>>>

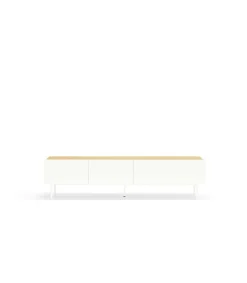 Mueble para televisión modelo Arista 1 puerta 2 cajones acabado blanco, 40cm(ancho) 45cm(alto) 180cm (largo)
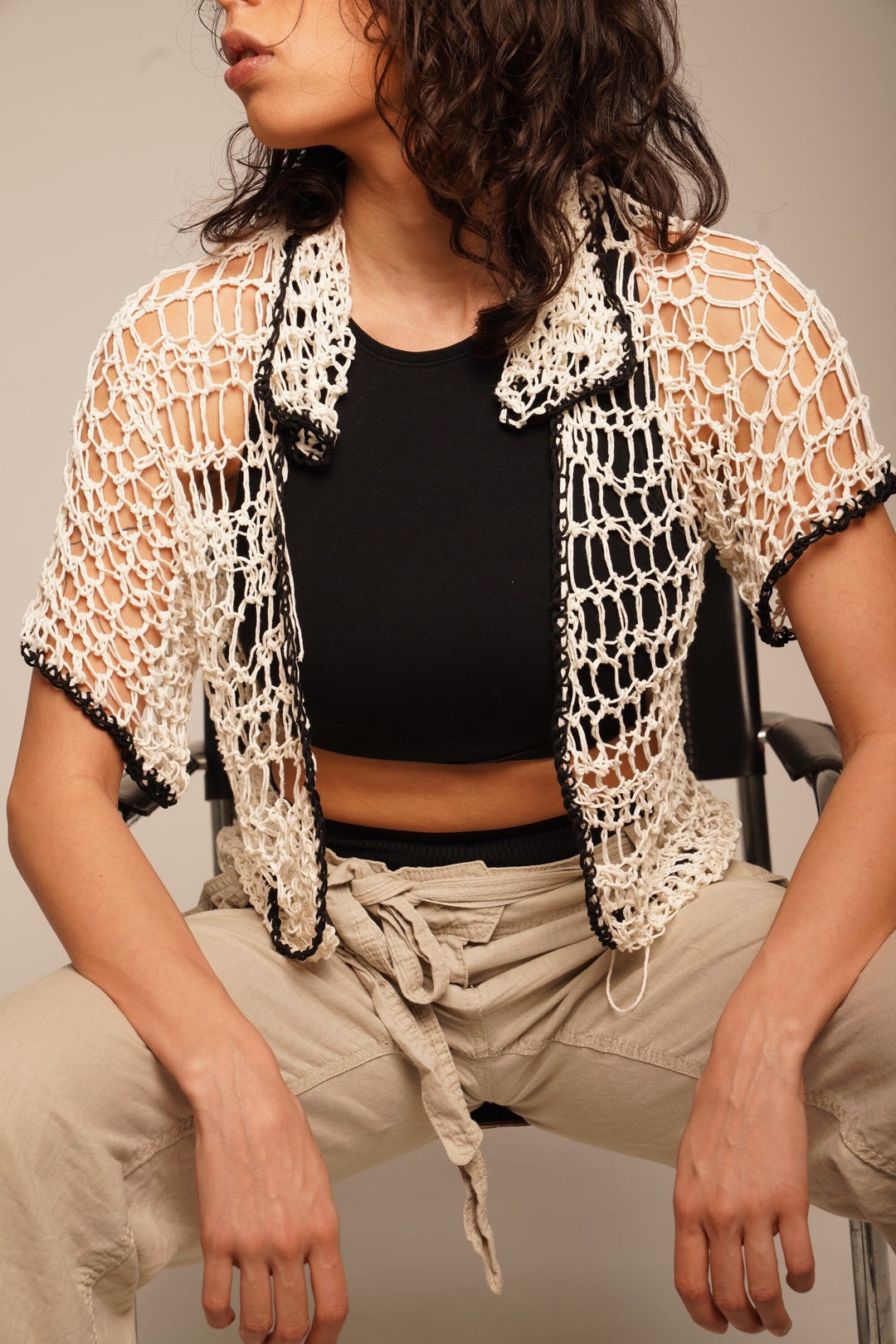 Crochet Vintage Top Crochet Mesh Sleeves Etsy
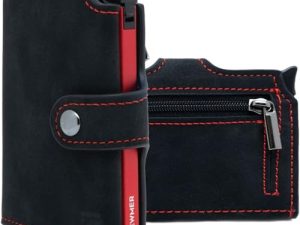 BEWMER Cartera Tarjetero 2 para Hombre y Mujer con Monedero | Billetera Minimalista Porta Tarjetas de Crédito (Protección RFID), Billetes y Monedas (Negro Rojo)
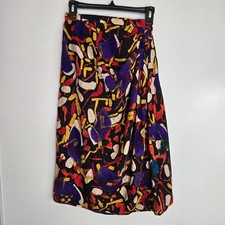 Vtg 1980s Emanuel Ungaro Parall le Abstract Print Silk Wrap Skirt Sz6 Colorful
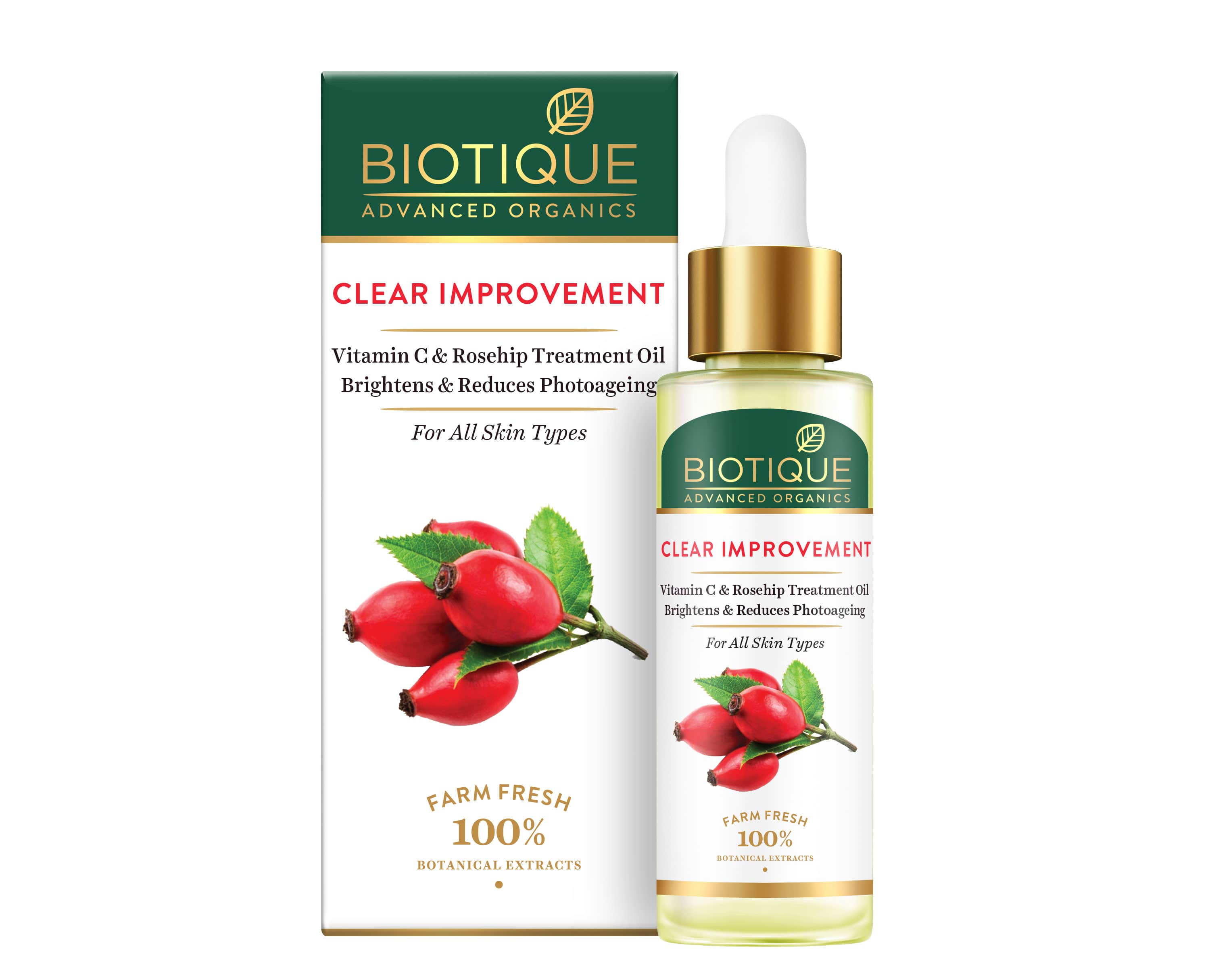 CLEAR IMPROVEMENT Vitamin C & Rosehip & Treatment Oil Brightness & Reduce Photo aging  30ml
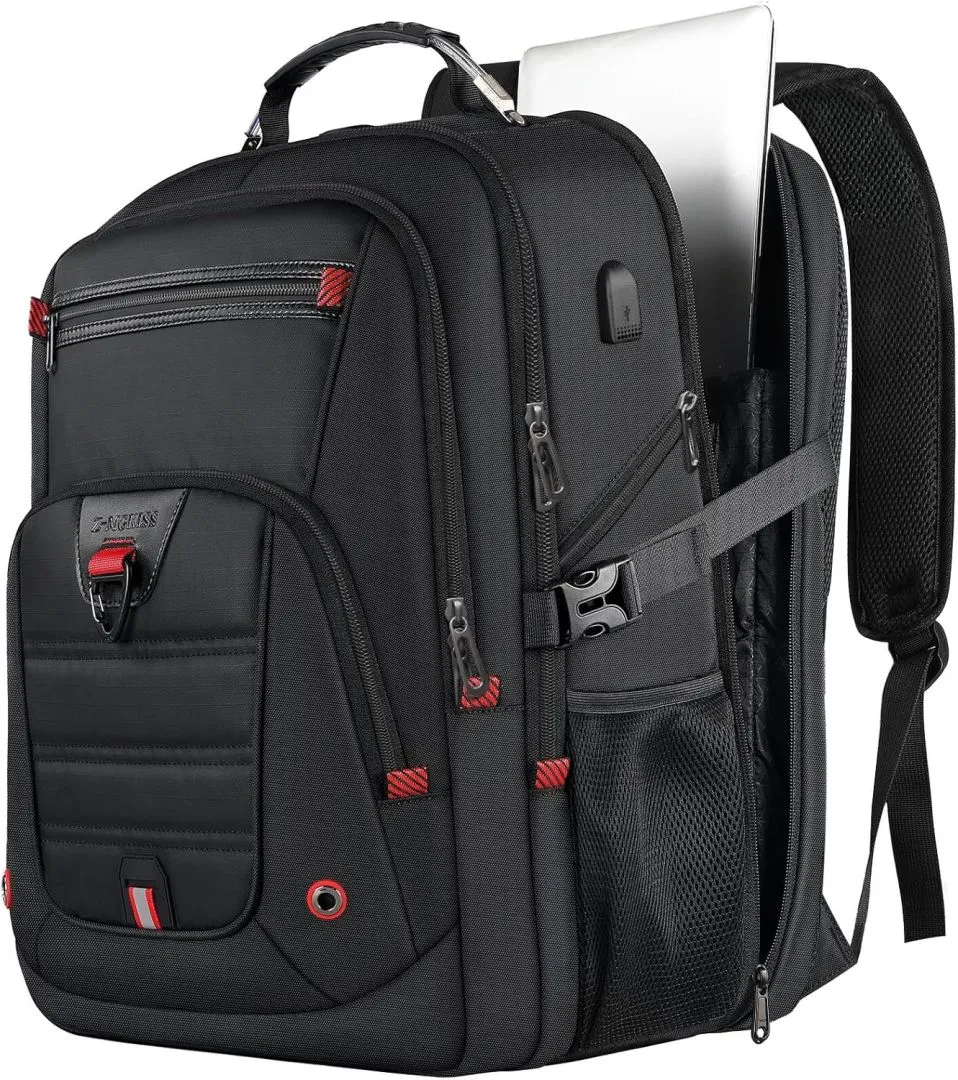 Extra Large Backpack for Men, Gaming Laptop Travel Backpack Fits 18.4-19" Laptops, TSA Carry On Flight Approved Personal Item Bag, Anti-Theft Tool Gym College Business Work Mens Backpack, Black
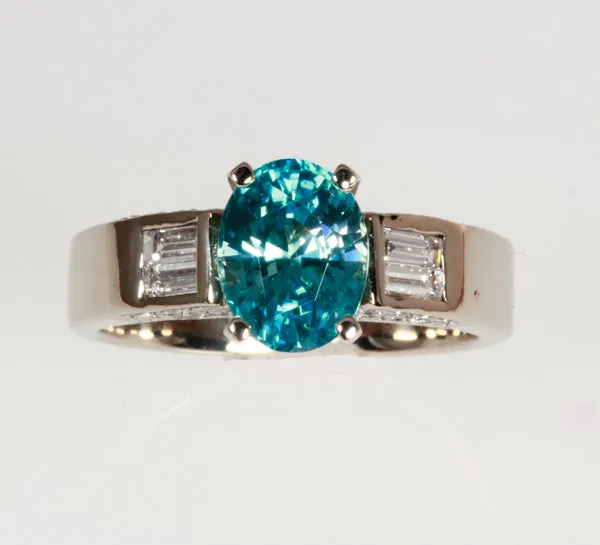 14K White Gold Blue Zircon and Diamond Ring 287 Carats vendorunknown Rings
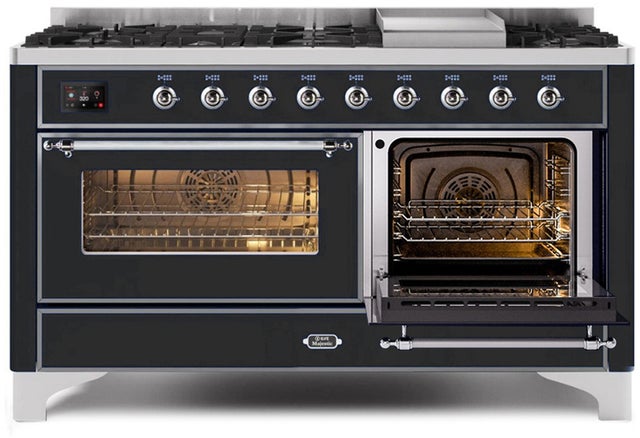 Ilve UM15FDNS3BKC 60" Dual Fuel Range with Double Ovens, 5.02 cu ft ...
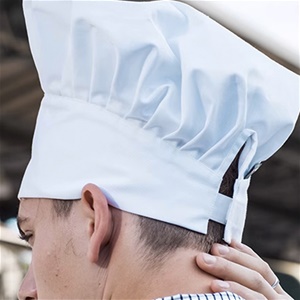 廚帽 ★ 百摺香菇帽(白)(鬆緊帶調整) 廚帽｜28 x 14 cm｜單頂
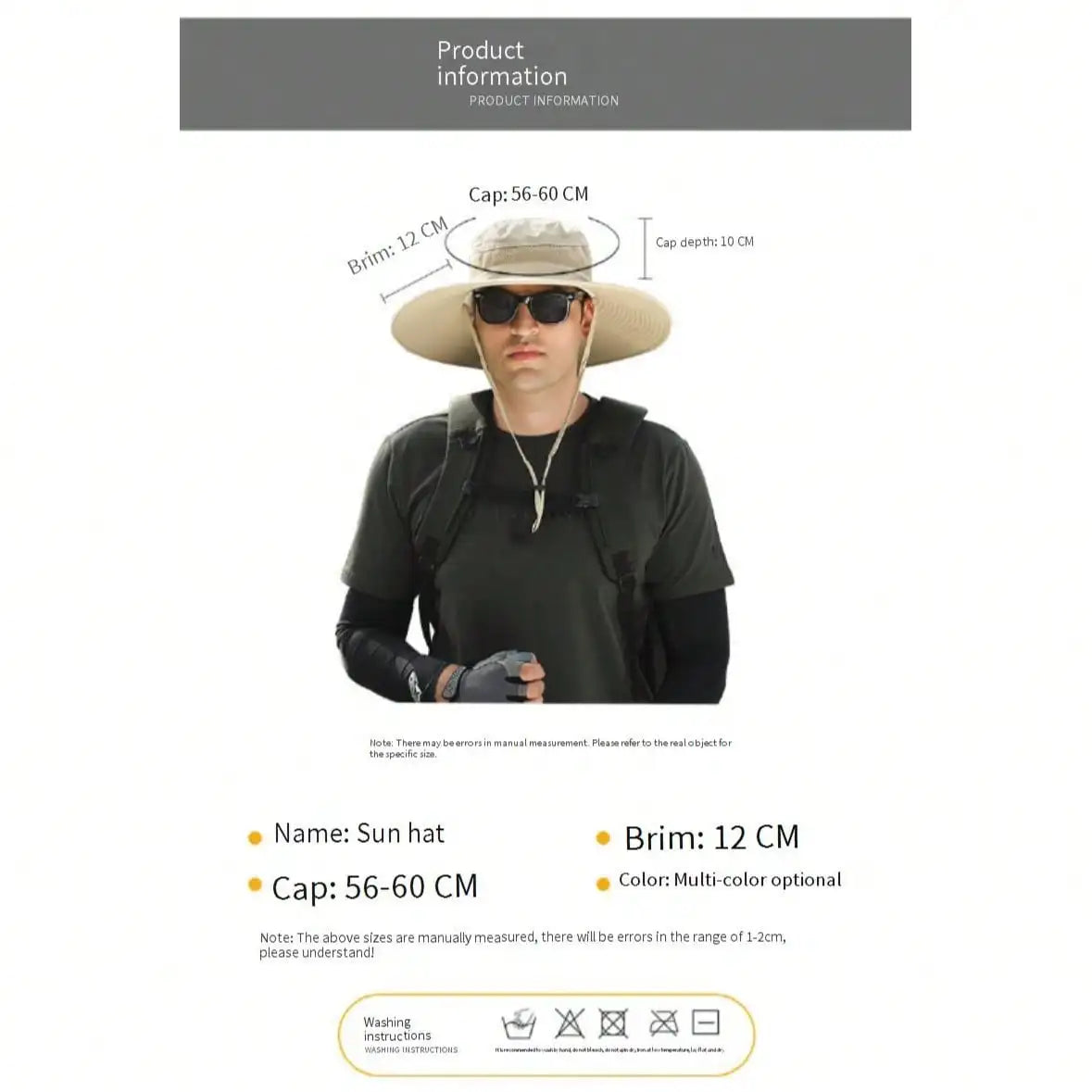 Men's Solar-Powered Cooling Fishing Hat with Fan UV Protection Wide Brim Adjustable Breathable Sun Hat for Outdoor Activities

<<<

- Assignment: The material should be returned verbatim, with all images omitted.

- Your response:
 Mueble para televisión modelo Arista 1 puerta 2 cajones acabado blanco, 40cm(ancho) 45cm(alto) 180cm (largo)
 Crochet Vintage Top Crochet Mesh Sleeves Etsy
 BEWMER Cartera Tarjetero 2 para Hombre y Mujer con Monedero | Billetera Minimalista Porta Tarjetas de Crédito (Protección RFID), Billetes y Monedas (Negro Rojo)
 Vtg 1980s Emanuel Ungaro Parall le Abstract Print Silk Wrap Skirt Sz6 Colorful
 CLEAR IMPROVEMENT Vitamin C & Rosehip & Treatment Oil Brightness & Reduce Photo aging  30ml
 Extra Large Backpack for Men, Gaming Laptop Travel Backpack Fits 18.4-19" Laptops, TSA Carry On Flight Approved Personal Item Bag, Anti-Theft Tool Gym College Business Work Mens Backpack, Black
 14K White Gold Blue Zircon and Diamond Ring 287 Carats vendorunknown Rings
 Ilve UM15FDNS3BKC 60" Dual Fuel Range with Double Ovens, 5.02 cu ft ...
 廚帽 ★ 百摺香菇帽(白)(鬆緊帶調整) 廚帽｜28 x 14 cm｜單頂
 Men's Solar-Powered Cooling Fishing Hat with Fan UV Protection Wide Brim Adjustable Breathable Sun Hat for Outdoor Activities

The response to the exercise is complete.